-- Record set follows --

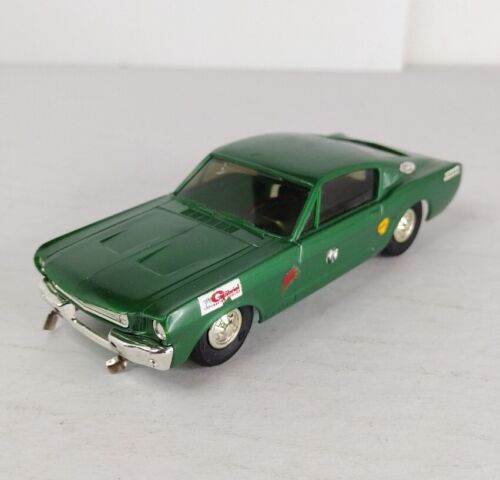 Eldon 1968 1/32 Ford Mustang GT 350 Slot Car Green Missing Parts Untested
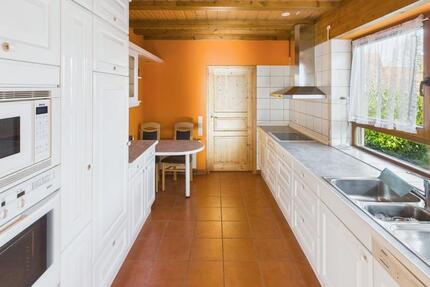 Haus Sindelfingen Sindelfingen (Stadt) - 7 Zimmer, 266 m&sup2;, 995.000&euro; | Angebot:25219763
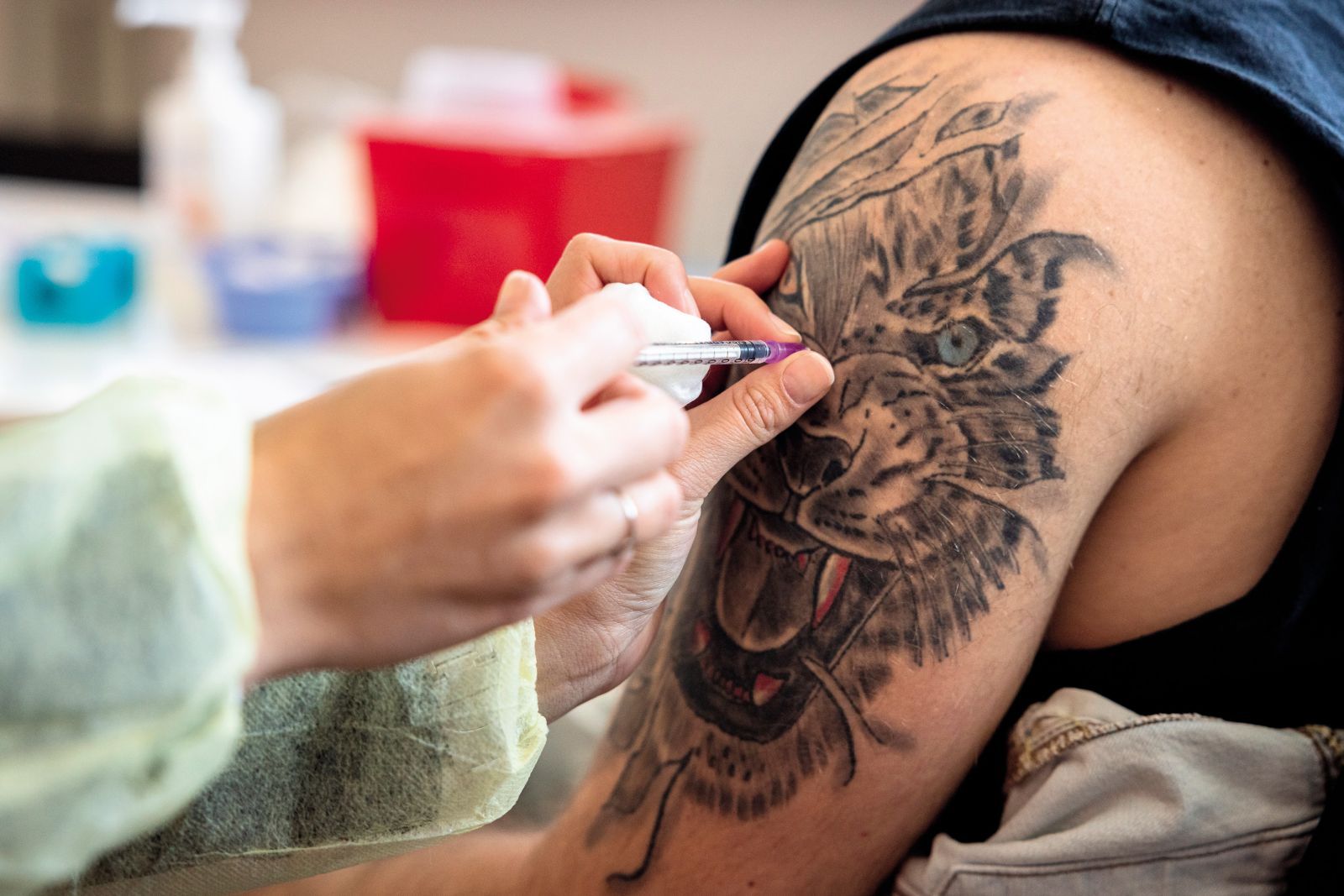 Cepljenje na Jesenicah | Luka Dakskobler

-- Record set concluded --
-- Record set follows --

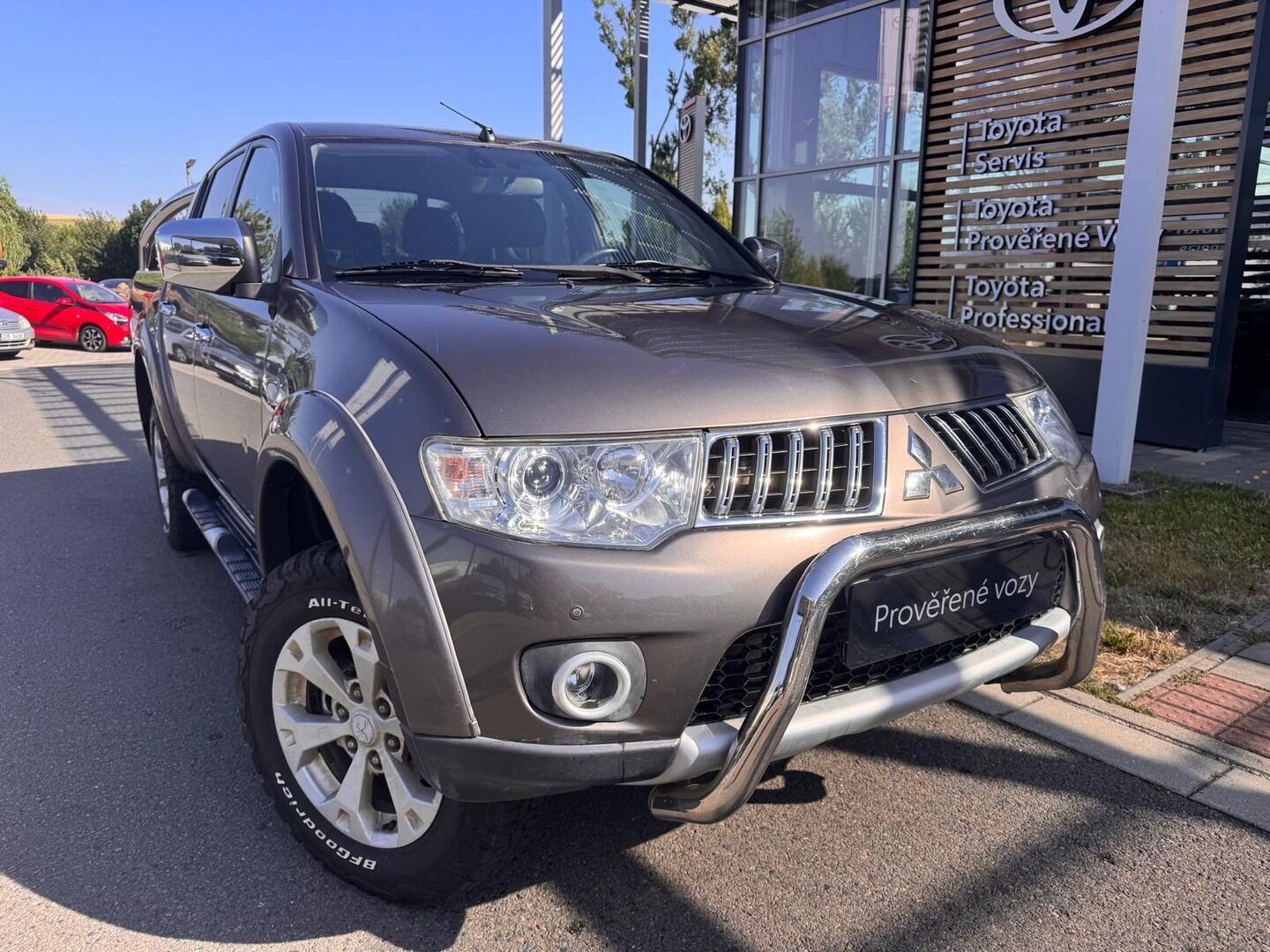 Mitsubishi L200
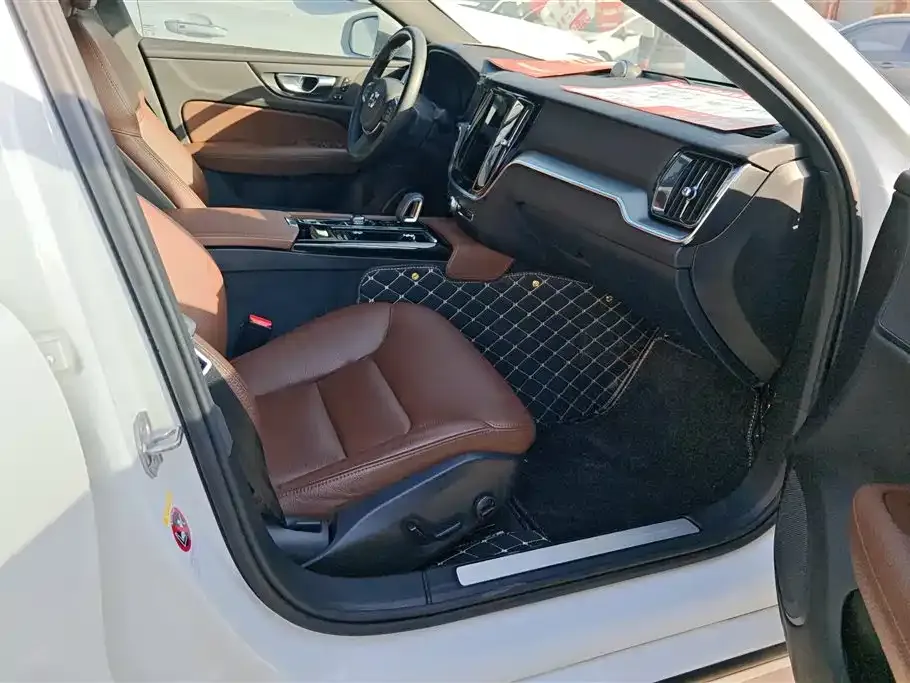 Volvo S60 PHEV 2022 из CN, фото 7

-- Record set concluded --

— Work instructions —
The lines to set down run from the line with "Eldon 1968 1/32" up to and including the line with "Cepljenje na Jesenicah | Luka Dakskobler" in the entries above. Reproduce them exactly, with no pictures.

— Answer to this task —
 Eldon 1968 1/32 Ford Mustang GT 350 Slot Car Green Missing Parts Untested
 Haus Sindelfingen Sindelfingen (Stadt) - 7 Zimmer, 266 m&sup2;, 995.000&euro; | Angebot:25219763
 Cepljenje na Jesenicah | Luka Dakskobler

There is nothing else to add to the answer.